The arguable two best tracks on the mixtape – “Purple Reign” and “Perkys Calling”, also produced by Southside – are the most morose, featuring that emotional, delicately foggy piano sound that should instantly evoke Kanye West’s single “No New Friends” and has the same wistful appeal. We’re going to hear a lot of this sound in 2016, as it trickles upwards to the ears of the big-time hit-makers and becomes a legitimate sonic trend, if it hasn’t already.

Future can hit you in the feels. When he sings in “Perkys” that he can hear the work calling, hear the streets calling, one veritably feels the yearning in the solar plexus. In the chorus of ‘purple reign’, Future voices a sentiment that is arguably the scourge of this generation – a vague, undefined yet aching loneliness in the midst of such material plenty. “I just need my girlfriend,” he warbles plaintively, probably needing a good hug.

Here is the poignancy that seemed to set Future apart in critics’ eyes around the time Dirty Sprite 2 dropped. There were a glut of think pieces about his druggy lyrical content, personal problems, and the inexplicable magnetism of the dark side he exposes.
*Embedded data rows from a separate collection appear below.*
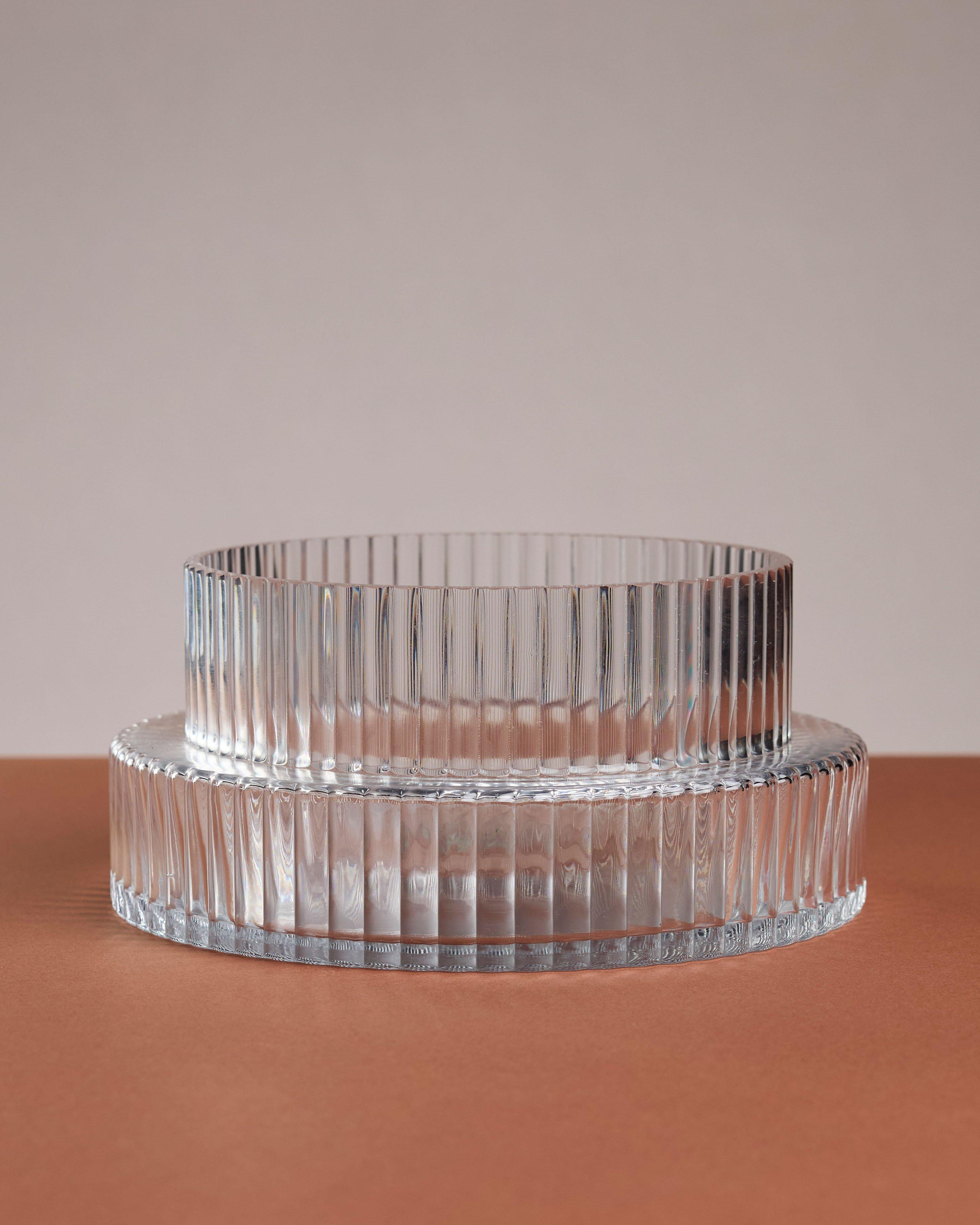 Athena Low Ribbed Vase -  No Colour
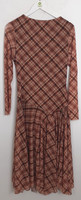 M&S Women's Printed Cowl Neck Plaid Midaxi Skater Dress In Orange Mix New
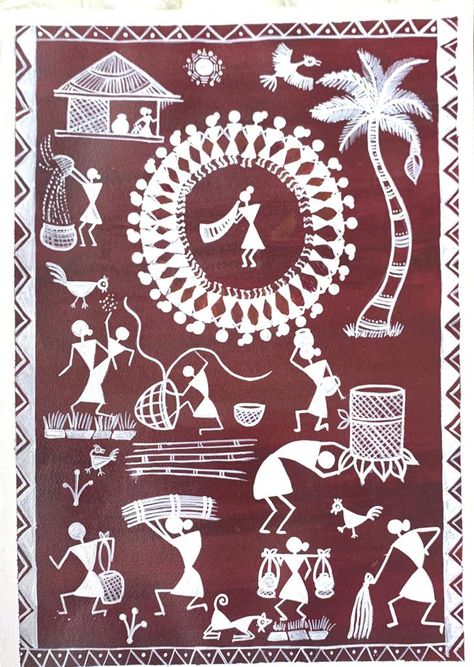 Warli art is a tribal form of artfound in the edges of maharashtra and gujarat . Warli Designs Pattern, Indian Art Forms Painting, Varali Painting, Warli Art Designs, Warli Drawing, Warli Art Painting, Warli Paintings, Worli Painting, Warli Painting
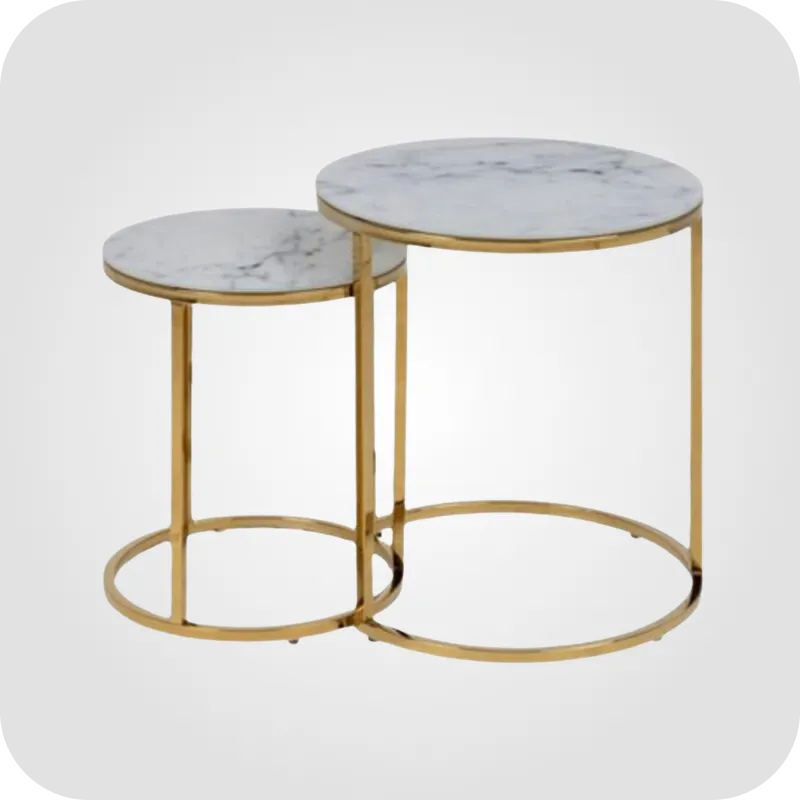 Gold coffee table set of 2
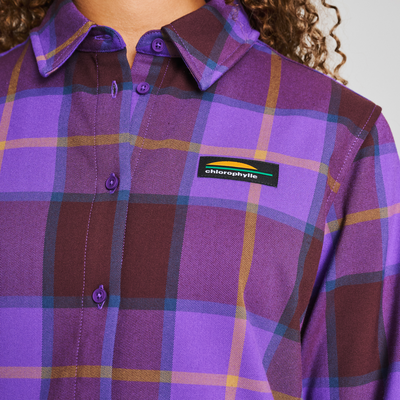 Chemise à carreaux pour femme couleur violet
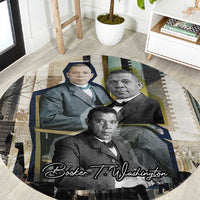 Booker T. Washington Round Carpet Historic Portrait Collage Civil Rights Legacy Educational Pioneer Design - Wonder Print Shop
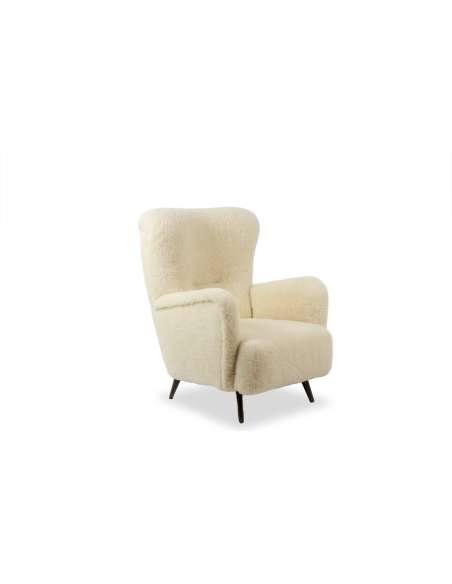 Armchair, or bergère, with its bouclette fabric. 1950s -Bozaart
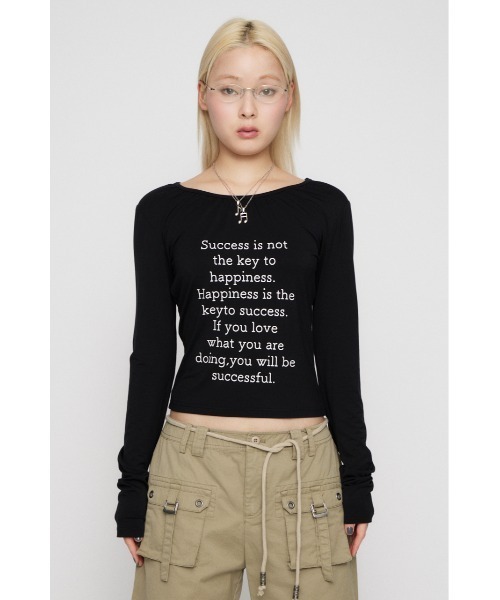LAGUA GEM(ラグアジェム)の「NECK GATHER PRINT トップス(Tシャツ/カットソー・レディース・杢グレー/アイボリー/ブラック・FREE)」の18枚目の写真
It’s relatable – we don’t want our pop stars flawless and happy these days. Justin Bieber had to fall from grace in order to ascend to his princely throne. Future paid the price of addiction as painfully as the rest of those on the ground level who emulated what hip-hop glorified.

Future apparently connects to something more than the party urge. He is either an incredible actor playing the role of an emotionally open twenty-first century performer, or he is something else entirely, perhaps a surprisingly real artist who is driven, like all real ones, to manifest a raw and honest creation because he simply has to.